Note that in the future, we will attempt to adjust this to use podman natively instead of docker.

Zone Changes

All of our zone files are now in this git repo, so we can just make changes and commit them, assuming you have write access to the local repo, that is. The bind user should be able to do it, though. Once you've changed your zone, you could bounce the service via systemctl, or we could use rndc. I've made a little script that will do this with docker exec, /etc/bind/run_rndc.sh. Thus:

sudo -u bind -s
cd /etc/bind/zones
vi <zonefile> # remember to update the serial
git commit -a <zonefile>
git push
cd ..
./run_rndc.sh reload <zone>

Which would work, if and only if as bind the git push actually works.

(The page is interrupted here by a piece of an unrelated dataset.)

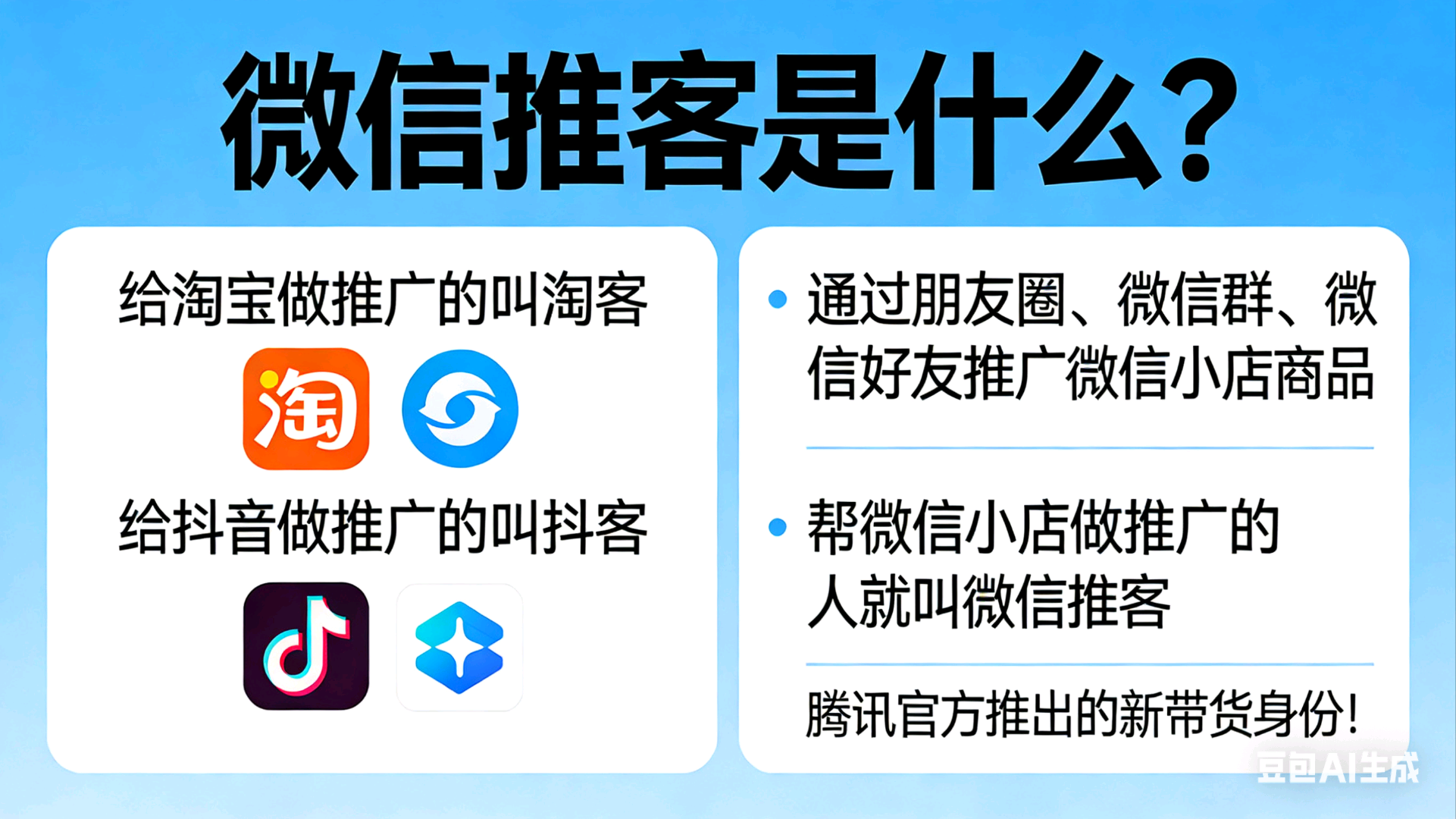 周女士找合伙人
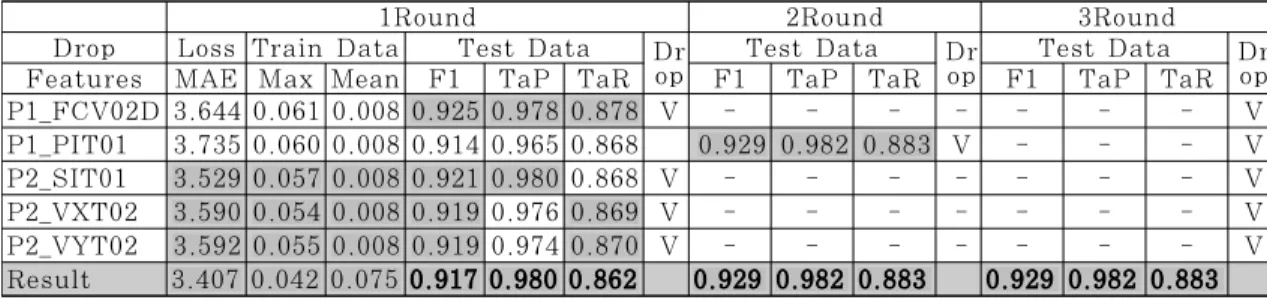 Table 6. Evaluation of Detection Performance by Threshold in HAI 21.03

Instead, we need to develop a sustainable way to update the zone. Currently we update in the repo somewhere, git pull the changes to a local working copy, and copy the zone file into place. This is not ideal.

DNSSEC

More modern BIND releases have changed the configuration for this. Note how your zone is signed is based on a dnssec-policy block (I've put those in cfg/named.dnssec.conf). Then, in your BIND configuration, you add:

dnssec-policy "default_alg13";
inline-signing yes;

in your zone block. After restarting/reconfiguring BIND, it will create a <zonefile>.signed and <zonefile>.signed.jnl file, and start serving a DNSSEC signed version of the zone. It will then take care of resigning activities, key rollovers etc.

Zone Files

We can find the zone files in /etc/bind/zones, although note that your zone may be in BIND's raw format. If you want to see the contents, you can use named-compilezone for that (either using a version inside the container or not):

named-compilezone -f raw -F text -o - blacka.com /etc/bind/zones/blacka.com.signed

If using the script that runs the version in our container, note that you may have to use the paths that work inside the container. The current script mounts your current working directory, so you can use run_named_compilezone.sh ./some.zone, but not run_named_compilezone.sh /etc/named/zones/blacka.com.

That said, we are probably better off just using the version that comes with our OS, and not using the container.